Musings on The People’s Palace

By Ellen Sebastian Chang

Polaroid photo of teenage black girl holding a small brown dog in front of a cinder block house in the sunlight.
Photo by Rosetta Hicks
[ID: Ellen Sebastian Chang (age 14) with shoulder-length pressed hair, wearing glasses and a sleeveless orange sundress. She is smiling while holding a brown and white chihuahua dog while standing in front of the cinder block house built by her grandfather. There is a low row of flowers in front of the house.]

Architecture is the ancient global art of the structures of a place revealing the functional and beautiful needs of the people of the earth. Joanna Haigood’s Zaccho Dance Theatre is also an ancient art that portrays the living bodies of a place in motion, flight, and proximity to the stories that become enshrined built and unbuilt places upon the earth.

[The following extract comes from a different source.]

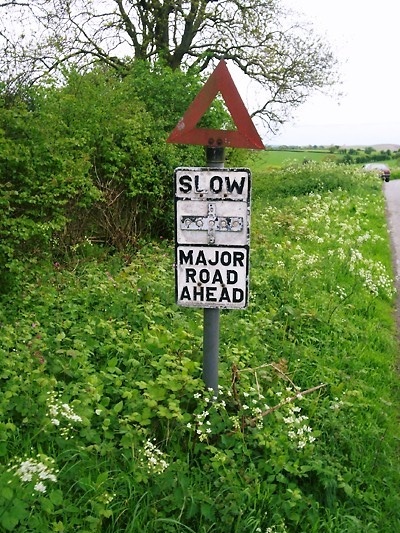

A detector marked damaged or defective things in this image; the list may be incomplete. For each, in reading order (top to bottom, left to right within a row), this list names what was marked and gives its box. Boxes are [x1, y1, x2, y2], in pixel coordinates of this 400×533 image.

rust stain on sign [166, 60, 262, 150]
rusty metal pole [203, 145, 225, 394]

Joanna Haigood describes her collaboration for The People’s Palace as “an artistic intervention and dialogue with the architectural iconography with the intention to insert the communities and the narratives that are excluded from representation, and to provide a more accurate picture of who and what defines San Francisco.” I recall the architectural ideas of Christopher Alexander and his colleagues who crafted a Zen like approach towards the built world noting the beauty and soul of architecture is born from the people as a “living pattern language…A quality in buildings and in towns cannot be made, but only generated, indirectly, by the ordinary actions of the people, just as a flower cannot be made, but only generated from the seed.” Zaccho Dance Theatre is also a pattern language soulfully seeding for decades: dancing, singing, speaking within the natural world of trees, butterflies, and bees as an expression of the interdependent unity of all things; and a researched choreography interacting with site specific structures to reveal forgotten enforced labor or cultural contributions of enslaved Africans, silos of urban renewal and gentrification, sites of love and sustenance and the “ghost architecture” that inhabits our memories.  Zaccho Dance Theatre’s visions are spiritually engineered within the divine site of the body as an ongoing reminder that we, the culturally diverse peoples, have always been here as sacred stewardship, valuable knowledge, and creative contributions.

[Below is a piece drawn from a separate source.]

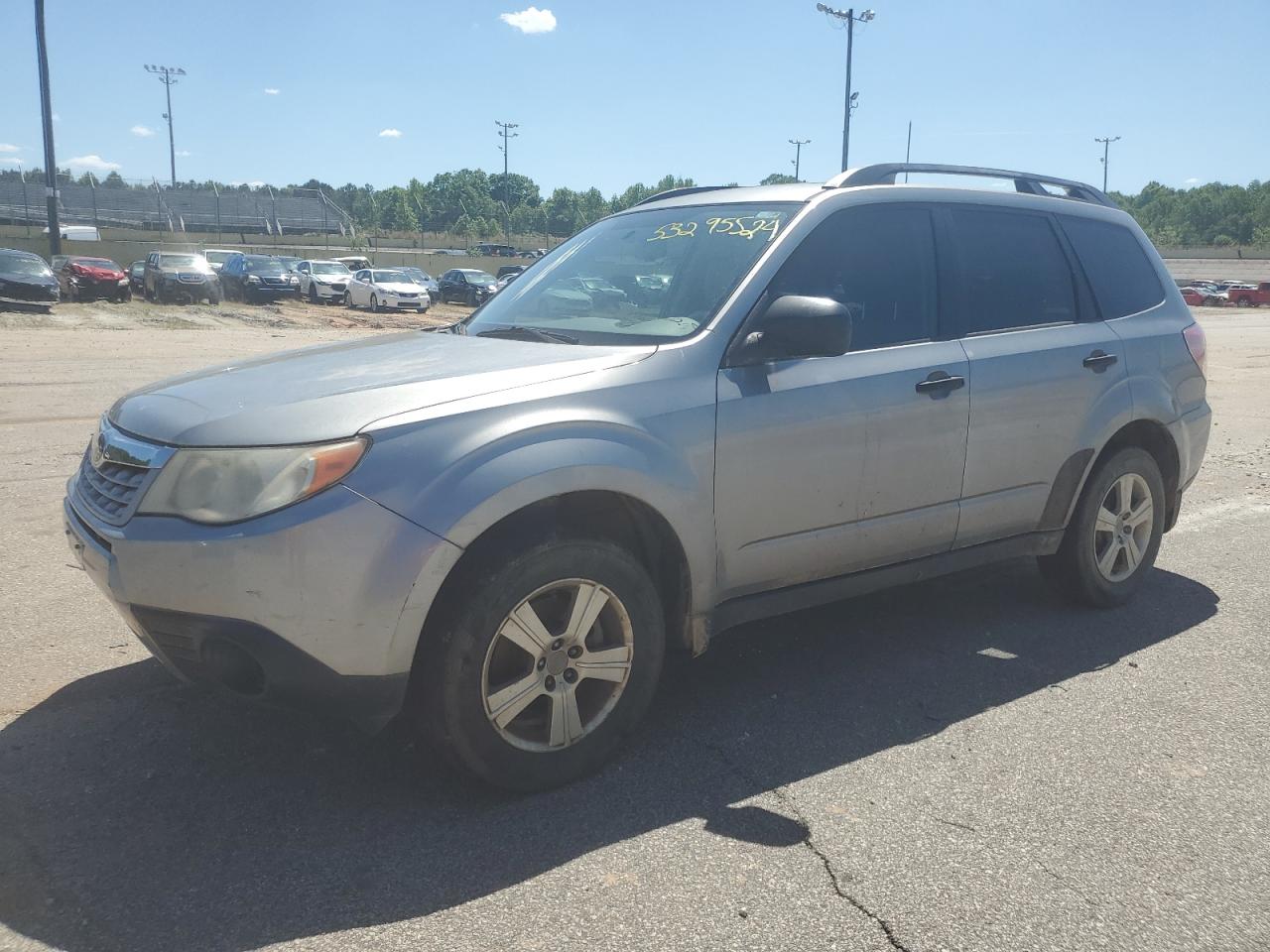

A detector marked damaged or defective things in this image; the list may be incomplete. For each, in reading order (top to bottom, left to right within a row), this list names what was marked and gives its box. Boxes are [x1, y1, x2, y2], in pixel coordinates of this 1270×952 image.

crack in pavement [696, 741, 914, 952]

Place. People. Progress. Palace.

Now as acknowledgement of Then.

Before all of us, this Place was soil, sand, river, bay, live oak, buckeye, poppy, elderberry, swallowtail, sea turtle, otter, mule deer, badger

and more.

This Place birthed its People as Muekma, Ramaytush, Rumsen, Miwok, Mutsen, Awaswas

and more.

In the quest for more,

a People birthed of another Place came sailing, marching, and charging, as

Spanish, Colonizers, Settlers, Prospectors, or Westward Ho’s.

With an intention to occupy Place and reimagine People birthed in Place as

savages, slaves, chattel, coolies, wetbacks, or sweetly as salt of the Earth,

in need of control and management.

This was now a Place in the process of Progress.

Called it New World, Yerba Buena, Gold Mountain, Barbary Coast, The Paris of the West, First World, Fog City, The City but never call it Frisco or San Fran.

The Palace[1] is built and rebuilt as reflection of the beauty and aesthetics of occupying people who came sailing, marching, and charging in the quest for more.

Here we are on the steps of the Palace….

In this “now” can we rematriate ourselves within and without Palace?


Architecture. Public. Private.

“Neoclassicism in the US is directly related to the construction of whiteness. It was whiteness that was sought after in the many plantation houses that chose the style, justifying it as an emulation of ancient Greek ‘culture’ to separate themselves from the Indigenous peoples whose land was stolen, and the enslaved African people forced to build and work in them. Thomas Jefferson’s excitement with the work of the Beaux Arts school in Paris was motivated by a desire to make America ‘European,’ and white.”[2]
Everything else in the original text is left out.